The Congress' campaign is characterised by a lack of clarity on what should be projected as its achievement--the relatively inclusive growth of UPA I or the neoliberal thrust of its second term.

Published : Apr 30, 2014 12:30 IST

Prime Minister Manmohan Singh at the eighth Mahatma Gandhi National Rural Employment Guarantee Act Divas Sammelan in New Delhi on February 2, 2013.

Prime Minister Manmohan Singh at the eighth Mahatma Gandhi National Rural Employment Guarantee Act Divas Sammelan in New Delhi on February 2, 2013.

AS the general election nears completion, there are many standout features of the campaigns run by the main contenders: the United Progressive Alliance (UPA) led by the Congress and the National Democratic Alliance (NDA) led by Narendra Modi and the Bharatiya Janata Party (BJP). Two of the features have a connection with economics. One is the visible evidence of a much higher level of campaign spending by the NDA than by the UPA—on advertising, on covering its own campaign and on providing free newsfeeds to a media that loathes to spend much of its own money, and on registering its presence in multiple other ways.

The other is the aggression of the NDA campaign in presenting a manufactured, phony “Gujarat model” of development and governance, which is characterised by little clarity on substance and much misinformation. This aggression contrasts with the defensiveness of the Congress campaign, which is marked by a reticence to hype its economic achievements during the two terms it ruled and by a peculiar diffidence when claiming ownership of the flagship employment, food security and welfare programmes it launched while in office.

The puzzle here is the reticence of the Congress and the UPA. Already burdened by incumbency, the tested route the Congress should have taken was to have used in ingenious ways its position in power both to mobilise resources for the campaign as well as package its achievements in ways that showed it had been reaching out to the ordinary voter even while in office. The overwhelming impression that remains as the campaign draws to a close is that the Congress has failed to do this in adequate measure. What explains that failure?

To start with, consider the difference in visibility. The visibility of the Modi visage, in television feeds, on posters, on hoardings and in the media, has been far greater than that of any other entity participating in these elections. In fact, it is the BJP and Modi that have been able to bypass ingeniously the controls on election expenditures of individual candidates imposed by the Election Commission, making nonsense of the latter’s claim that it has imposed a level playing field in these elections.
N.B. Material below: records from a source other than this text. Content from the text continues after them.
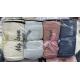 Towel MICROFIBRA 70x140 mic-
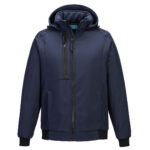 CD874 WX2 Eco Insulated Softshell (2L) | Portwest - Image 2
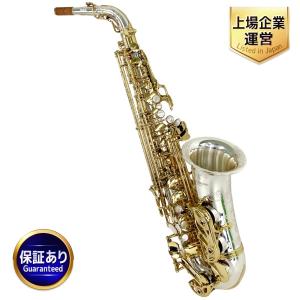 Yanagisawa ヤナギサワ A-9937 アルトサックス ケース付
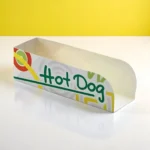 Custom Hot Dog Boxes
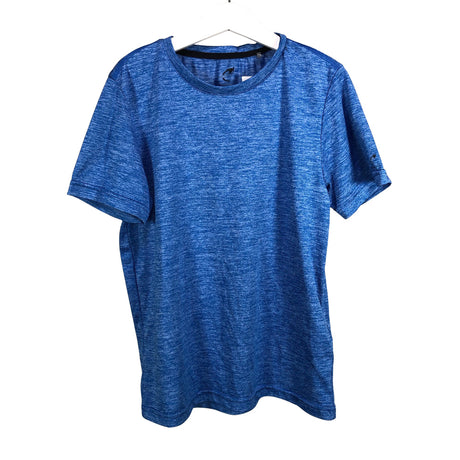 Unisex Energetics - Spordisärk, lühikesed käised, suurus 134 - 140 - Sinine ()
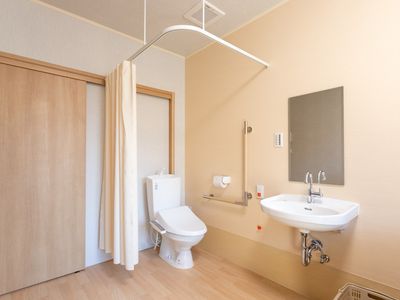 快適なトイレ空間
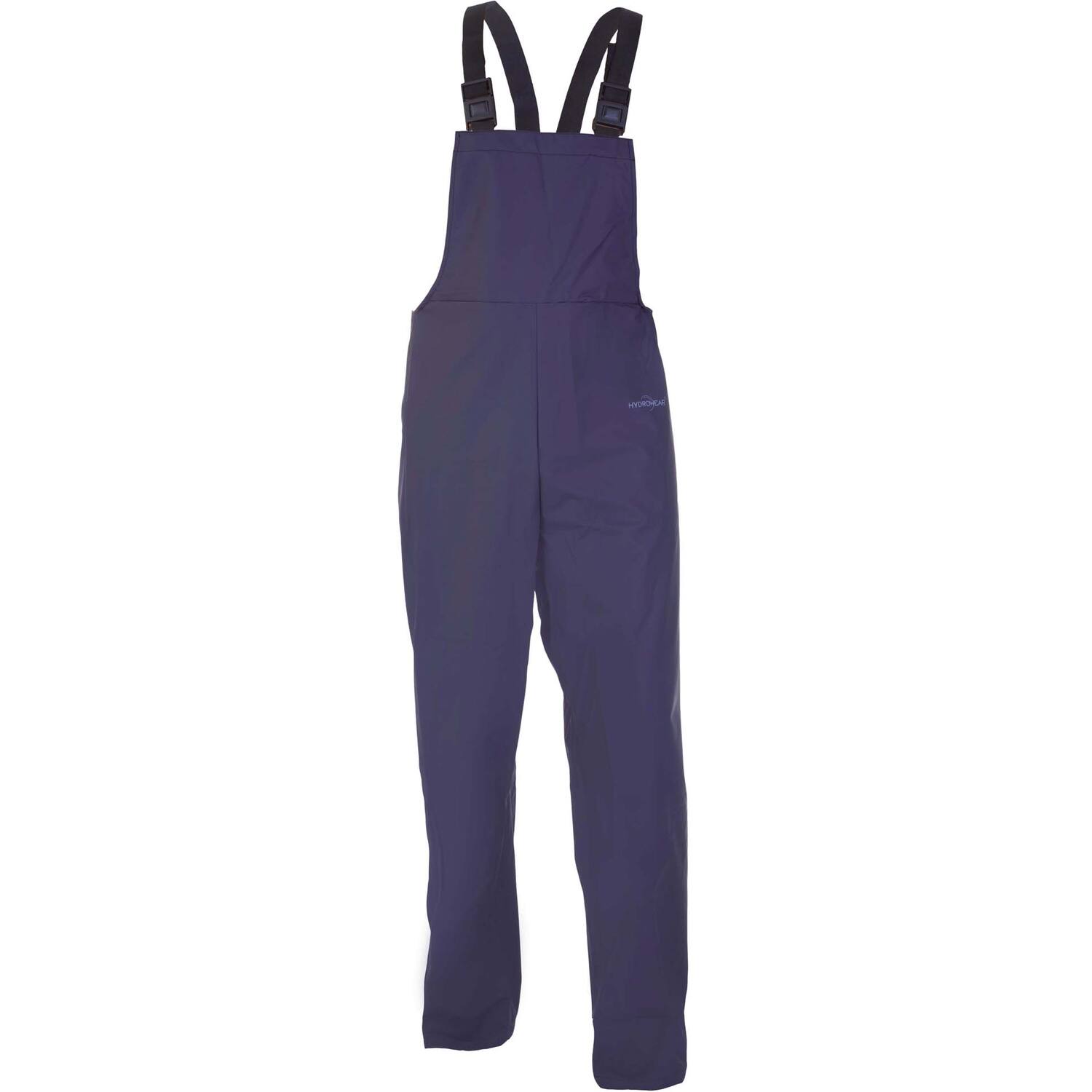 Regenbroek Bandung (tuinbroek) marineblauw mt.M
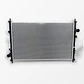Radiador De Agua GAC GS3 / GS3 Power / GS4 Mt 2020-2026 - Miniatura 1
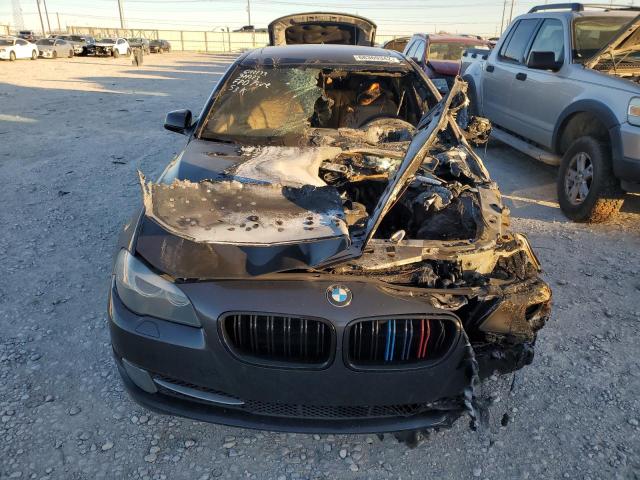 Photo 5 from auction – 2012 BMW 528 I with VIN WBAXG5C54CDY29548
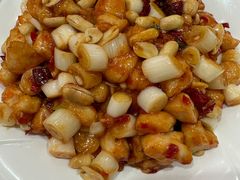 宫爆鸡丁-紫光园(顺义店)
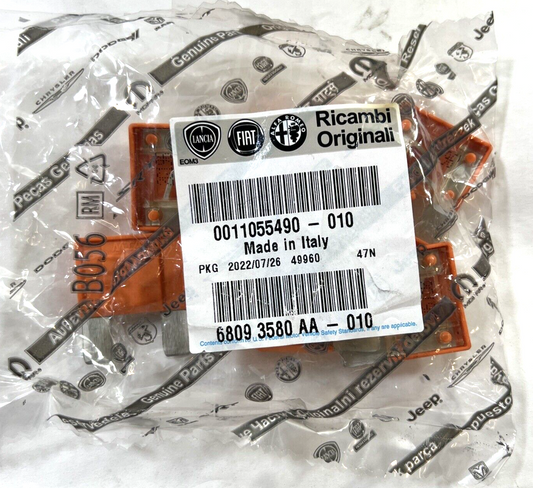 Genuine OEM Mopar Hornet Maxi Fuse 2015-2024 68093580AA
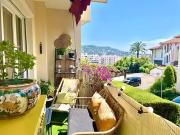 Cannes 06400 Achat / Vente appartement 2 pièces t2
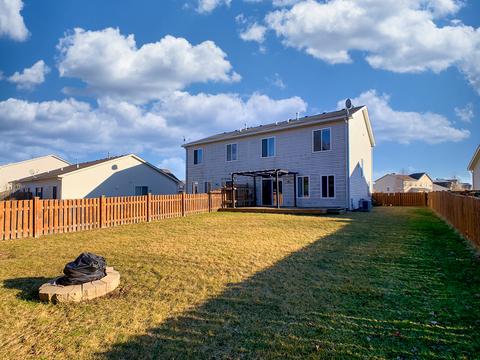 3103 Hoffman St, Plano, IL 60545 photo 2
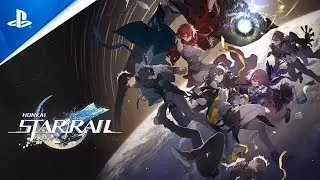 PS4 HONKAI STAR RAIL RELEASE DATE CONFIRMED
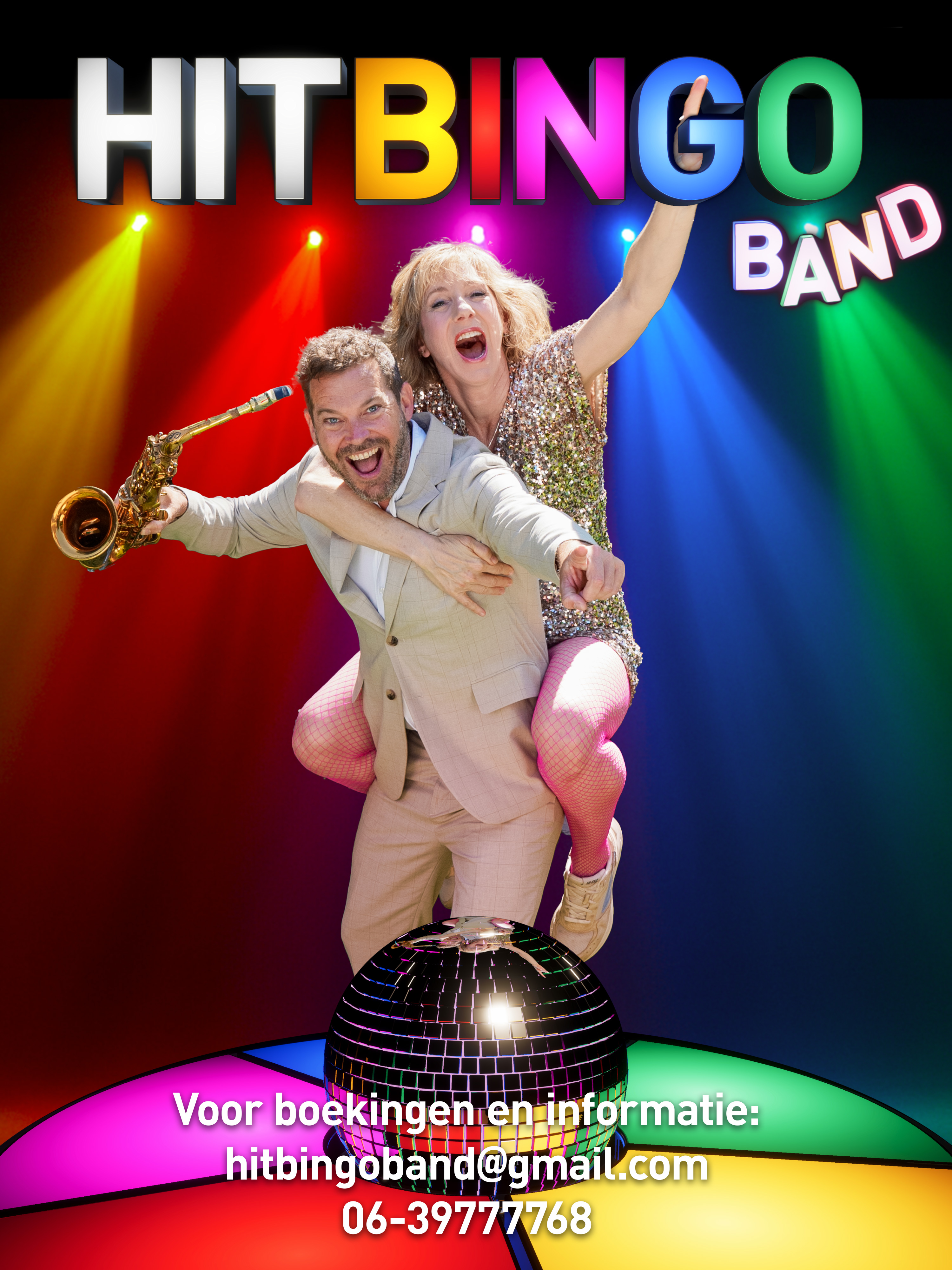 Hitbingo Band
This relative success of the BJP could have very different reasons. One could be that this time around the party and leader thirsting for power have just been better at designing their campaign, whereas a complacent, incompetent or just plain, power-bored Congress was completely caught off guard. Complaints that the BJP had beaten the Congress to booking and occupying the best display positions for posters, hoardings and other campaign material indicate that there is some truth to this. In which case, the question is why the grand old Congress, which was ostensibly being reorganised, revamped and rejuvenated by its youth brigade led by Rahul Gandhi, fell short. Clearly, the reorganisation is incomplete, leaving the party, its leadership or both incapable of a task it has performed many times in the past. The second reason could be that the Congress just could not mobilise as much money as the BJP did. That is surprising for a party that has been around for so long, has been home to some of the best campaign fund mobilisers and has done so much for India’s rich during its two most recent terms in power. If at all it was true that the Congress received less money, it must be only because India’s election funders see the NDA under Modi as the likely winner in this election. But for a party as old as the Congress with its many years in power, this possibility of a second position with respect to financing this election should not have affected it to a degree where it was so overshadowed by the principal opposition.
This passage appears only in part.